O bode expiatório desempenha, portanto, o papel de vítima substituta para todos os membros da comunidade. Daí que surge, segundo Girard, a necessidade de construção de mecanismos religiosos e sociais que busquem administrar a violência e tensão social, através de ritos sacrificiais. Inspirada mimeticamente, a violência sacrificial que a multidão direciona ao bode expiatório exerce uma função restauradora da ordem e paz social em uma comunidade.

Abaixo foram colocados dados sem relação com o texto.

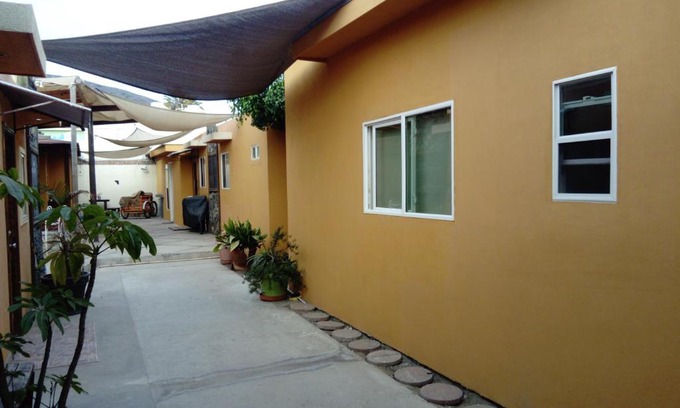 Valle Dorado House | Affordable Family Retreat at Casa Edka with Breakfast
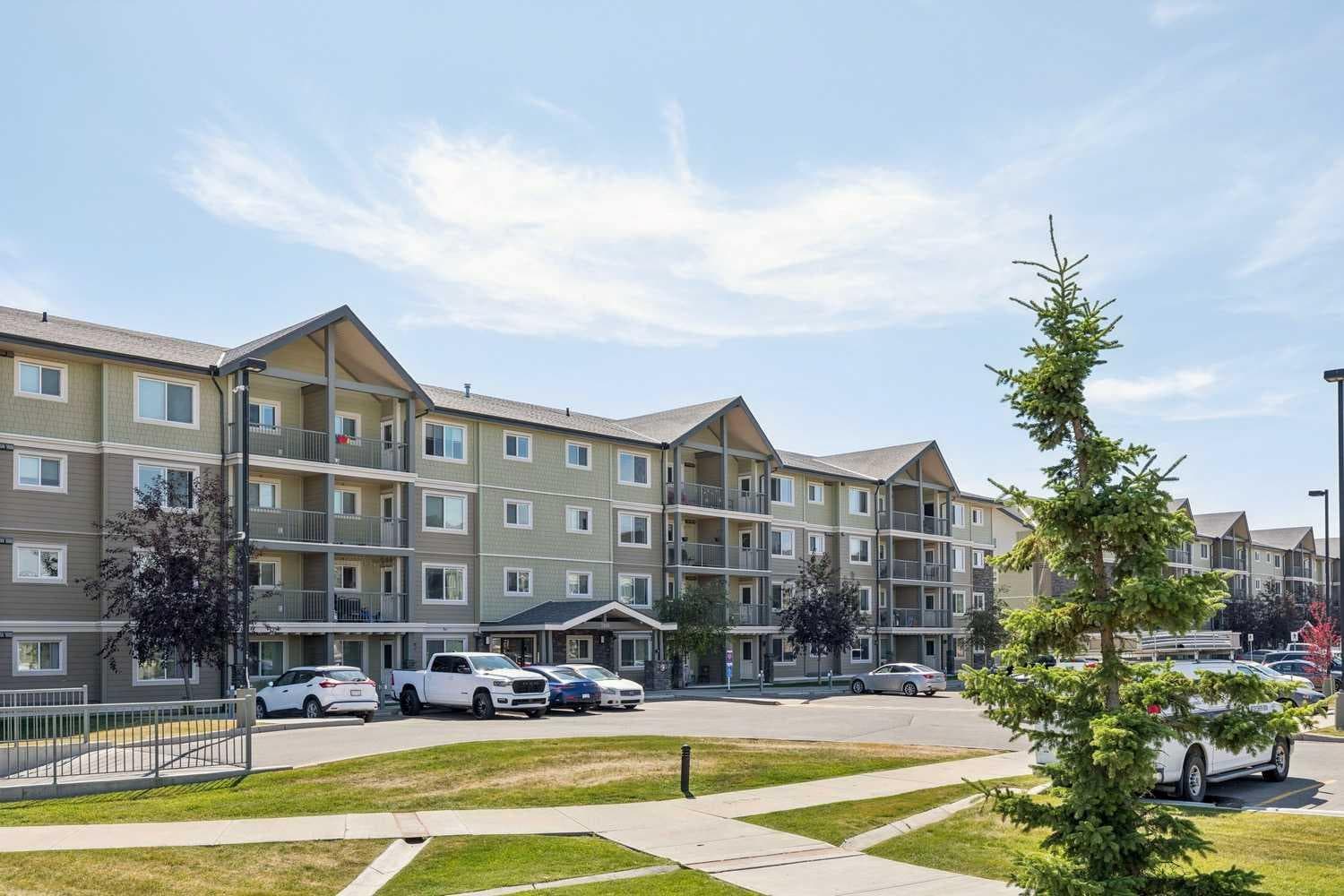 2115, 181 Skyview Ranch Manor NE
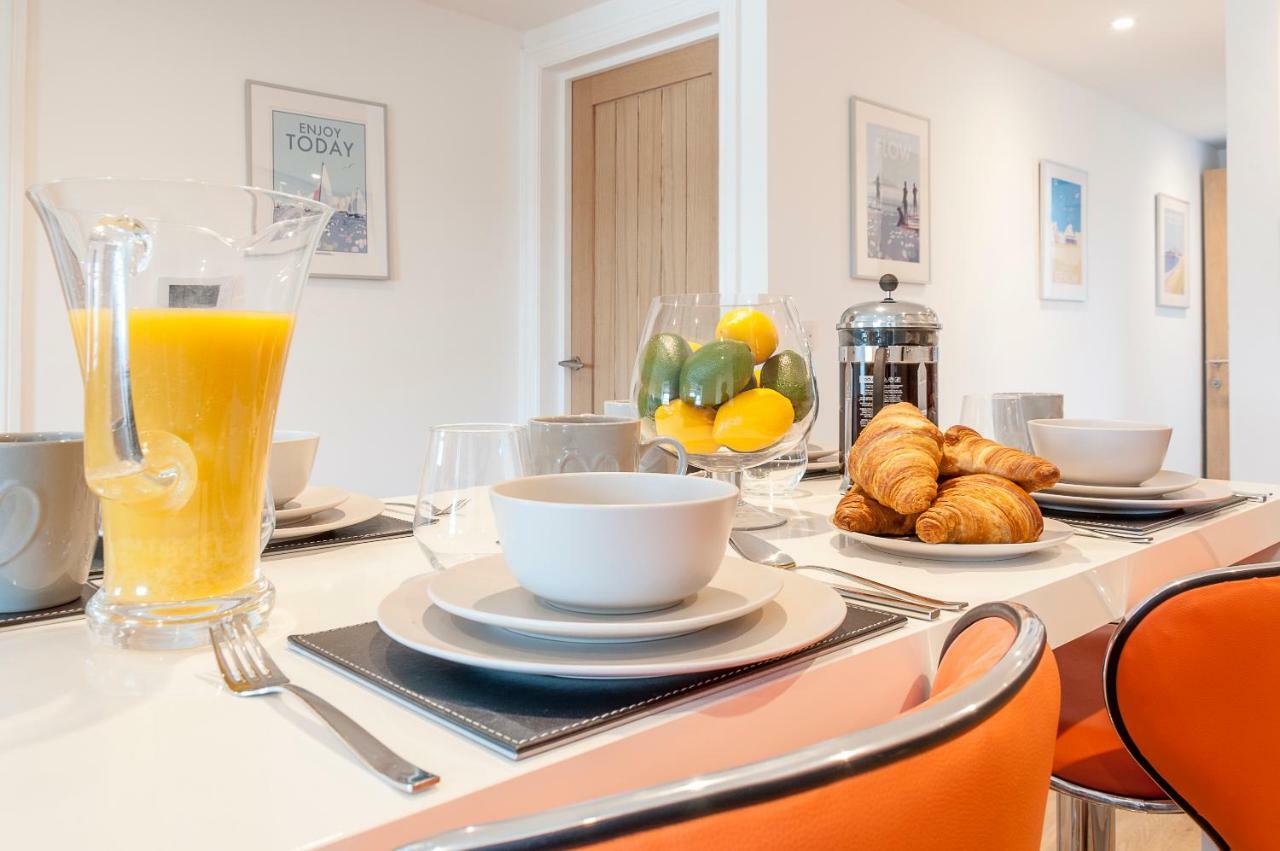 Апартаменты Pure B - Exceptional Views Of Tamar & Royal William Yard With Free Parking & Wifi Плаймаут Экстерьер фото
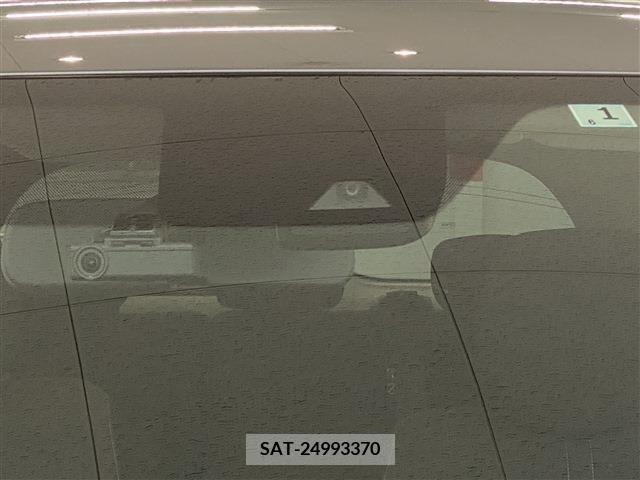 Nissan LEAF 2019-01 324794-14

O mecanismo do bode expiatório se encontra de forma marcante em ritos religiosos, no imaginário mitológico e literário, sendo uma das forças fundadoras da cultura humana e recorrente entre todas as civilizações. Girard cita o cristianismo como exemplo de religião fundada na ideia de Bode Expiatório, com a vítima sacrificial representada pela figura de Jesus Cristo, e a sua morte como uma forma de reconciliação entre o homem transgressor e Deus. Quando esse espaço do sagrado falha em administrar corretamente os desejos miméticos e conflitos sociais, como durante períodos de crises espirituais e sociais, há riscos do bode expiatório ser extravasado para perseguição a minorias e grupos étnicos-religiosos divergentes e desencadear uma onda de violência desenfreada, pondo toda uma civilização sob risco de colapso.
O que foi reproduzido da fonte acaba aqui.